Work request: Pictures appear among the records below and must be omitted. Repeat exactly the lines from the line with "La chitarra gitana e flamenca con CD" to the line with "Microsoft Dynamics Gp", both included.

Supplied data:
————————

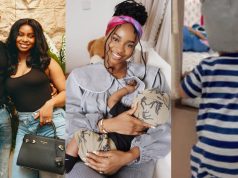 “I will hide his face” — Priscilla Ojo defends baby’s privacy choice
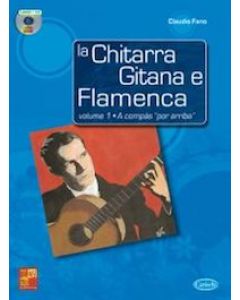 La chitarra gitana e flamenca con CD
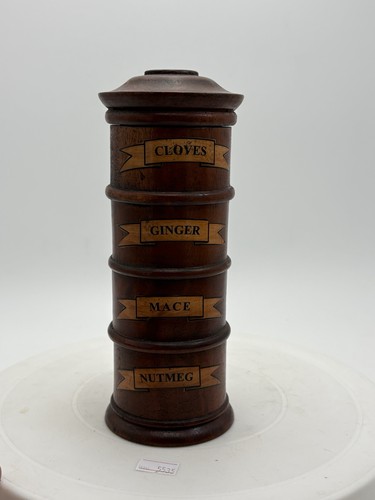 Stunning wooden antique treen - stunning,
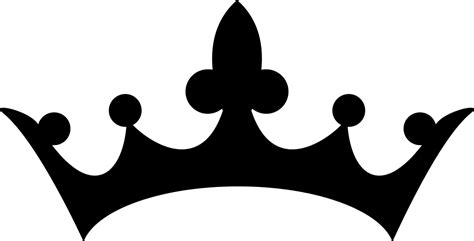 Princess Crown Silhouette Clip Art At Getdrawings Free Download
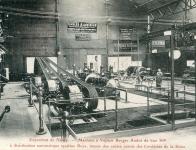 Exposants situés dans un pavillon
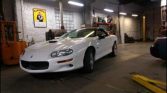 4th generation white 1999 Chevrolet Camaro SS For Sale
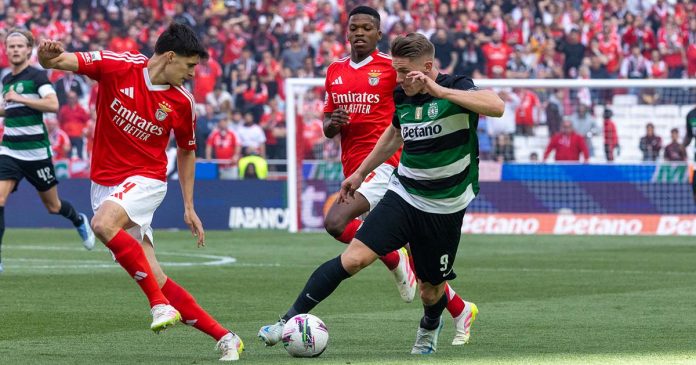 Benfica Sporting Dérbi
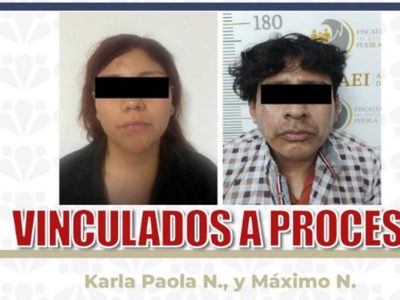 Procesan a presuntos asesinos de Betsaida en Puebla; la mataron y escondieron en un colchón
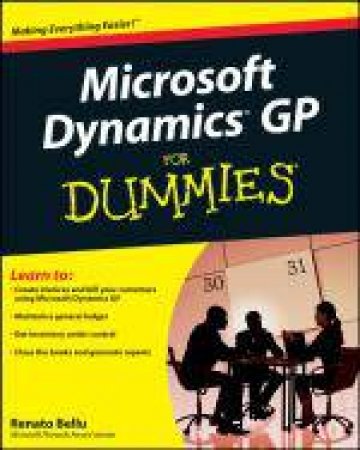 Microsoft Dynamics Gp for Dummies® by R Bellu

————————

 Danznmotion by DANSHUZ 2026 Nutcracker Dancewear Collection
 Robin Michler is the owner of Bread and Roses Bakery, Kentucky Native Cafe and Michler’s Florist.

————————

Written reply:
 La chitarra gitana e flamenca con CD
 Stunning wooden antique treen - stunning,
 Princess Crown Silhouette Clip Art At Getdrawings Free Download
 Exposants situés dans un pavillon
 4th generation white 1999 Chevrolet Camaro SS For Sale
 Benfica Sporting Dérbi
 Procesan a presuntos asesinos de Betsaida en Puebla; la mataron y escondieron en un colchón
 Microsoft Dynamics Gp for Dummies® by R Bellu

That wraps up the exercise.